NORWICH, Vt. (AP) – The lead author of an article about finches nesting on a Peruvian glacier in a scholarly bird journal is affiliated with the Geosciences Department at the University of Massachusetts, Amherst.

The other’s affiliated with the Marion W. Cross School.

The citation in the quarterly Wilson Journal of Ornithology omits the word “elementary” from the name of the Norwich school.

Nor does it mention that it was the curiosity of 12-year-old Spencer Hardy that led he and his father, Douglas, to recognize the significance of the white-winged diuca finch nesting on the ice of a glacier.

But to the ornithological world, the age of Spencer is irrelevant to the phenomenon he helped document on a high-altitude ice field, in a mountain range he’s never visited, thousands of miles from his Vermont home: It’s the first well documented case in the world of a species other than penguins successfully nesting on ice.

“It gives you some idea of the adaptations that birds have undergone to utilize all spaces, all the niches that are out there, from living in Death Valley to living at 18,000 feet in the Andes in Peru,” said Wilson Journal Editor Clait Braun, of Tucson, Ariz., who published the Hardys’ paper in September.

It wasn’t until Braun was finalizing the paper with the Hardys and he asked for the academic pedigree of Spencer that he found out the boy’s age. “I was pretty well stunned,” said Braun.

“We don’t get very many papers from people like that,” he said. He says most authors are graduate students or even older birders.

The journal itself was founded more than a century ago by young bird enthusiasts, Braun said. But by young, Braun meant men in their late teens and early 20s.

Now, Spencer – who’s been interested in birds since he stared at flocks from his high chair – is 14, a ninth grader at Hanover (N.H.) High School, where he studies traditional high school science and other subjects. The birding is done outside school.

He seems unfazed by the attention his birding skills are bringing him.

“It’s a neat experience. I don’t have anything to compare it against,” Spencer said. “Hopefully, it will be one of many to come.”

His fascination with birds evolved into real-life study. At 6 or 7, he was working with established birders on local bird counts and breeding surveys.

Since he couldn’t drive, his parents had to take him where he needed to go, getting his parents involved, too.

His Dad, a University of Massachusetts research scientist, started visiting the Quelccaya Ice Cap in Peru in 2003 as part of his work to help get a long-term climate history through dust trapped over the centuries in the ice at about 18,000 feet above sea level.

It was Spencer’s fascination with birds that led the elder Hardy to take pictures of every bird he saw in Peru.

After Douglas Hardy came home, Spencer would pore over the photos and use bird books to identify the species.

It was during that process that Douglas Hardy started noticing the nests on the ice. So the Hardys shared their findings with Norwich neighbor George Clark, a retired biologist from the University of Connecticut who has helped groom the young ornithologist.

Then they had to figure out which species made the nests.

“We got it down to two species, mainly from the size (of the nests) and what was around and abundant in the area,” Spencer said.

A feather expert at the Smithsonian Institution made the link to the finches.

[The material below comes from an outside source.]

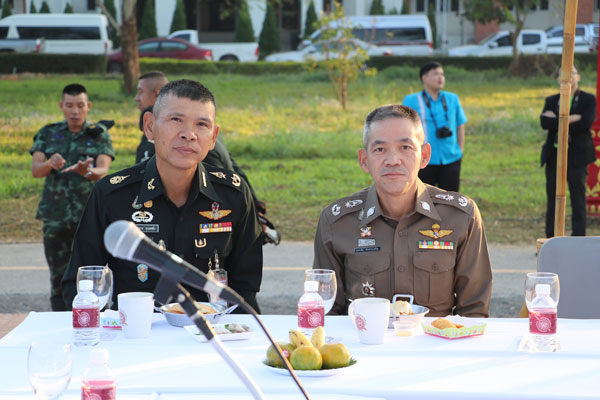 ตำรวจภูธรจังหวัดเชียงรายจัดกิจกรรมพบปะ  หารือข้อราชการ “สภากาแฟ” ครั้งที่ 10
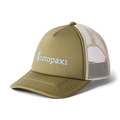 Vintage Trucker Hat - Moss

“The discovery of this is really kind of a new frontier,” said Clark. “Physically, we think much of the globe has been covered… This is an area that people just haven’t visited.”

Two years ago, Douglas Hardy queried the Wilson Journal about a paper on the ice birds. He didn’t make an effort to list Spencer as a co-author until after he spoke with professional birders, who persuaded him that given Spencer’s level of input, he merited a co-author tag.

“My first step was to go to the editor and say, ‘I want to be totally honest with you, he’s my son, I can’t see objectively about this,”‘ Douglas Hardy said.

But Braun said the science – and Spencer’s contribution to it – was sound.

“It’s just not the casual person who can pick this stuff up and turn it into scientific prose,” Braun said. “Spencer deserves a lot of credit to get his Dad to get more information and then helping his Dad get it turned into a scientific paper.”

When the paper was finalized there was some discussion about which of Spencer’s schools should be listed. They chose the school he attended when the journal first accepted the paper, the Norwich elementary school.

Spencer’s birding is done outside his school, but he says his future, without a doubt, includes the formal study of ornithology.

Meanwhile, he’d like to visit Peru with his father, to see the nests he’s become an expert on.

To do that, he’s going to have to raise his own money to pay the expenses, but that’s part of the world of science that he’s becoming a part of.

Braun said the Hardys’ paper is a building block for additional research.

“There’s more that can be learned. Before you can go further you have to have the basic building blocks,” Braun said. “It presents the basic blocks for other scientists to work on.”